There’s a black redstart on that roof.

It was a filming day. Filming days are busy and hectic but also involve lots of hanging around, which I take as a gift to look at the garden. I always find new species: the first yellow-faced bees in the bee hotel, the first aphid wasps, a funny-looking female damselfly that spent the whole day laying eggs in the pond and which I later learned was a rufescens-obsoleta form of the blue-tailed. Mining bees nesting in the lawn, a comma caterpillar under a hop leaf, the first ever ringlet butterfly. And today, as the cameraman got his cut-away shots of seed-bearing plants, I watched a bird gambolling about on the roofs of the houses opposite. I thought it was a pied wagtail, due to the slight wagging of his tail. But as I lifted the binoculars I found someone else entirely: he on someone’s roof and me at my kitchen door, meeting for the first time. Hi! He continued to gambol about for a bit, circling roofs and hopping up and down the roof tiles. Sometimes he’d sit and stare out to sea (or so it seemed). I wasn’t sure who he was at first but made a note to look up redstarts. I drew a picture: a child’s drawing of a bird with a white patch on each of its wings and arrows pointing to ‘dark face’, ‘long orange tail’.
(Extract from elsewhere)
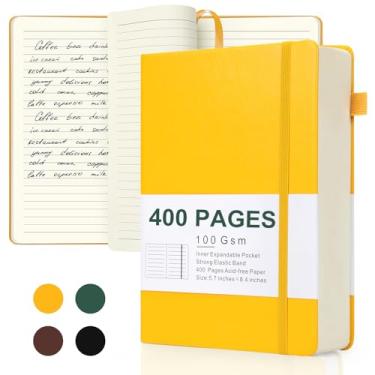Imagem de Diários para escrever 400 páginas, caderno pautado em couro A5, diário pautado pela faculdade de 100 g com papel grosso, capa dura com bolso interno e suporte para caneta, amarelo
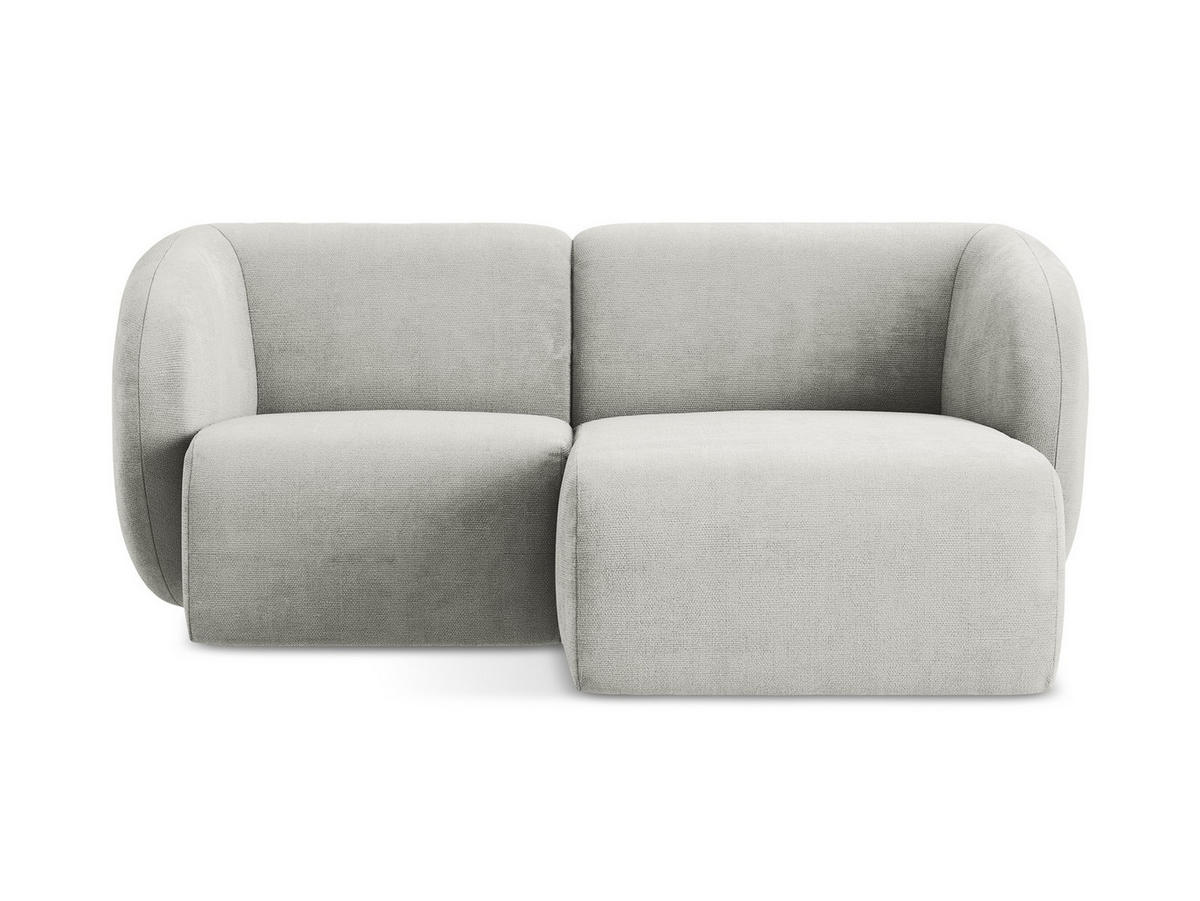 ECKSOFA Rechts Chenille Stoff Grau - Hellgrau/Schwarz, Holzwerkstoff/Kunststoff (178/166cm) - Makamii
‘Are you going to post that on Twitter?’ asks Blake, the director, laughing.

‘No, I’m going to find out on my own,’ I reply petulantly. And I do, the next time Ed the cameraman needs to film cut-aways I look up redstarts, and I find my silver fox.

The black redstart, Phoenicurus ochruros, is a rare bird in the UK, with less than 100 breeding pairs. It can be found all year round in some parts, including London and other cities, brownfield sites and industrial areas, but there are ‘passage migrants’ in autumn and spring, which can turn up anywhere, especially on the coast. Well, here we are.

They traditionally nest in rocky outcrops but have adapted to urban areas astonishingly well. They need crags or holes in buildings to nest in, and rocky or stony, sparsely vegetated ground on which to find their invertebrate food. Populations boomed in London after the Second World War as they moved in to bomb sites, which earned them the nickname of the ‘bomb-site bird’, a veritable Mother Courage profiteering from war. Now they nest on green or rubble roofs high above the city, but also down the road from me, on the cliffs in Hastings, where the first record of them breeding in Britain was made in 1923.

They sing a hurried warble, followed by a scrunching sound that some suggest is like a bag of marbles being shaken, and then finish with a burst of ringing notes. They feed on insects and their larvae, but also earthworms and small snails. They take fruit and berries in autumn. The female is not quite as sharply dressed as the male, a duller brown-grey with a rusty rump and tail. But still gorgeous.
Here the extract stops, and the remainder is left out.